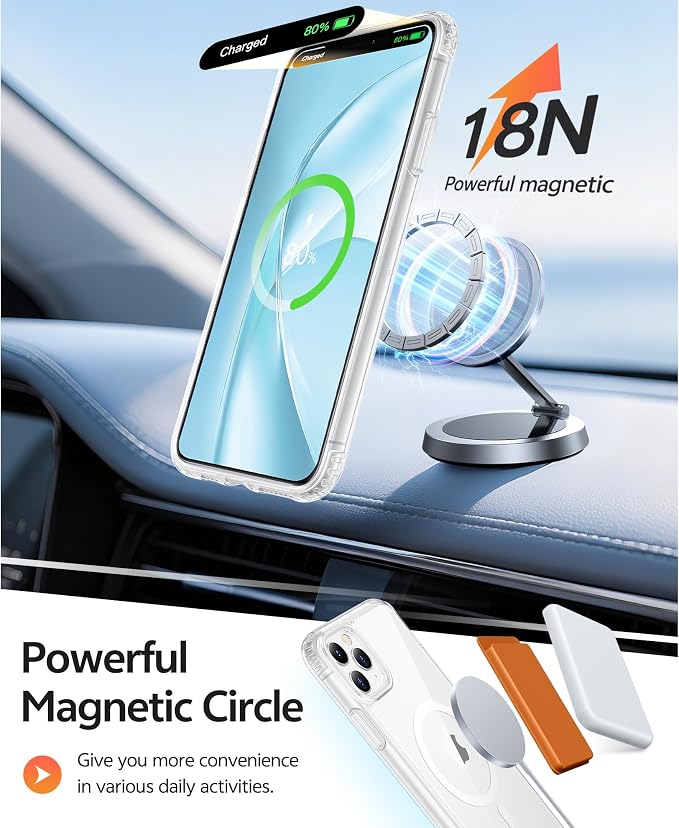 FNTCASE for iPhone 11 Pro Max Case Clear, Fit for Magsafe, Anti Yellowing | Magnetic Phone Cases, 14FT Military Grade Drop Protection, Slim Shockproof Protective Cover, Transparent - Image 3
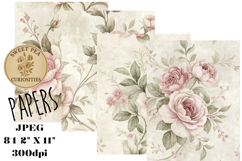 Flowers, Shabby Chic, Papers, Junk Journal Product Image 1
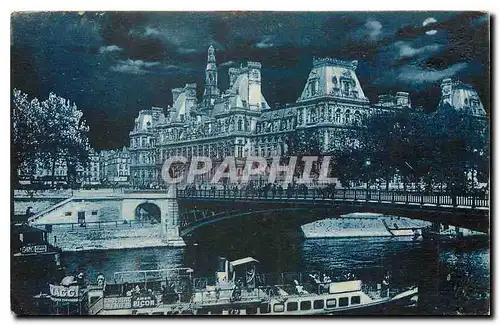 Cartes postales Paris la Nuit l'Hotel de Ville Bateau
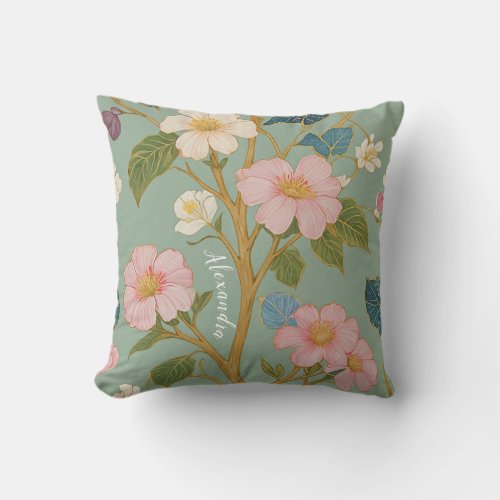 In Blossom Pastel Branch with Pink Flowers Throw Pillow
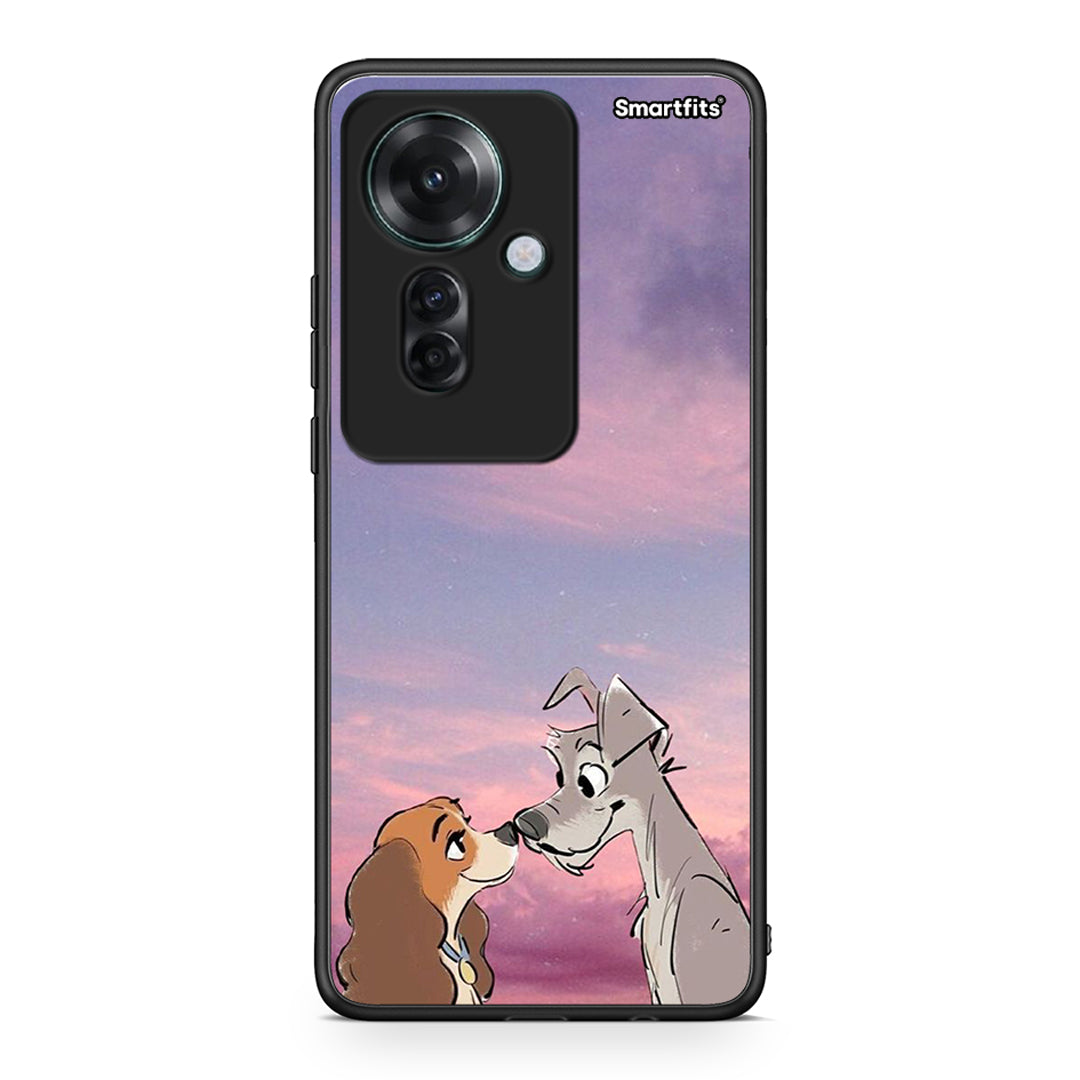 Oppo Reno11 F 5G Lady And Tramp θήκη από τη Smartfits με σχέδιο στο πίσω μέρος και μαύρο περίβλημα | Smartphone case with colorful back and black bezels by Smartfits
........
What you will do: Return the records above verbatim, images excluded.

Exercise response:
 FNTCASE for iPhone 11 Pro Max Case Clear, Fit for Magsafe, Anti Yellowing | Magnetic Phone Cases, 14FT Military Grade Drop Protection, Slim Shockproof Protective Cover, Transparent - Image 3
 Flowers, Shabby Chic, Papers, Junk Journal Product Image 1
 Cartes postales Paris la Nuit l'Hotel de Ville Bateau
 In Blossom Pastel Branch with Pink Flowers Throw Pillow
 Oppo Reno11 F 5G Lady And Tramp θήκη από τη Smartfits με σχέδιο στο πίσω μέρος και μαύρο περίβλημα | Smartphone case with colorful back and black bezels by Smartfits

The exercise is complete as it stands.